> _INFORMATION PROVIDED_

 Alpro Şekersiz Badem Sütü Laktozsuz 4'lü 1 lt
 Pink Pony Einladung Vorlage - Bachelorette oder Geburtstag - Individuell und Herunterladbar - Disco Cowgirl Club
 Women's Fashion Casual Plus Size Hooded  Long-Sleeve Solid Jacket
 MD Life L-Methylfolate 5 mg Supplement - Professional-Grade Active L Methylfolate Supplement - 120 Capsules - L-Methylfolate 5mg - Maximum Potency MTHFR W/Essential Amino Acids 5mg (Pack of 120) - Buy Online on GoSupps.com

> _TASK PROMPT_
The material should be transcribed in full, character for character.

> _ANSWER FOR THE TASK_
 Alpro Şekersiz Badem Sütü Laktozsuz 4'lü 1 lt
 Pink Pony Einladung Vorlage - Bachelorette oder Geburtstag - Individuell und Herunterladbar - Disco Cowgirl Club
 Women's Fashion Casual Plus Size Hooded  Long-Sleeve Solid Jacket
 MD Life L-Methylfolate 5 mg Supplement - Professional-Grade Active L Methylfolate Supplement - 120 Capsules - L-Methylfolate 5mg - Maximum Potency MTHFR W/Essential Amino Acids 5mg (Pack of 120) - Buy Online on GoSupps.com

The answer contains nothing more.